# Curiosity of source



## robert seke (Feb 5, 2010)

Hi Guys. Its been a while since I've logged on Just wondering if you can give me a heads up as to where you guys are buying your Joest. For those of you that dont know, I am the Sales Agentin North America for them and I am curious as to where our product ends up for purchase I know All-Wall and Fantastic Tools, anywhere else?


----------



## sandingoz (Apr 14, 2013)

*purchase of Joest sanding discs*

G'day Robert,

My name is Sonja Kraskov and I have an 0n-line Plastering Tools Store here in Melbourne, Australia.

The Joest Sanding Discs (180 & 220 grit) are one of my best sellers.

I am now at the point where I need to increase stock holdings of the Joest and hoping you can help me with future orders.

I look forward to your reply Robert.

Cheers,

Sonja


----------



## gazman (Apr 29, 2011)

Welcome aboard Sonja. I have checked out your store many times, It looks the goods. :thumbsup: Good to have another Aussie on here.


----------



## plugger (Apr 4, 2013)

My Golden Stainless permashape M/Town came from Sonja's store.

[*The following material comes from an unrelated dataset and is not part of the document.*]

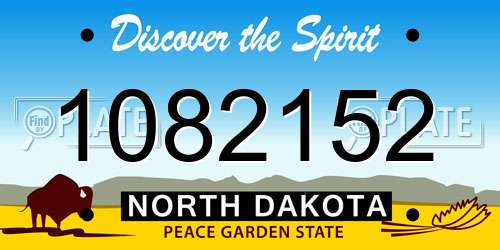 1082152 North Dakota License Plate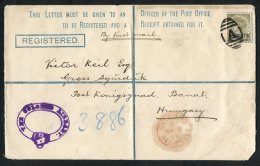 1888 Sept 11th 15c On 12c Reg Envelope, Size H To Hungary With Added DLR Surcharge 56c On 96c Drab For Double 1oz Rate, - Autres & Non Classés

I love that thing! Beast..


----------



## sandingoz (Apr 14, 2013)

Hi Gazman, thanks for your warm welcome and the "thumbs up". Your Profile pic looks a little daunting. Regards, Sonja


----------



## sandingoz (Apr 14, 2013)

Hi Plugger. Great to hear you're obviously happy with your Marshalltown Trowel. All the best to you and your beast!! Cheers, Sonja


----------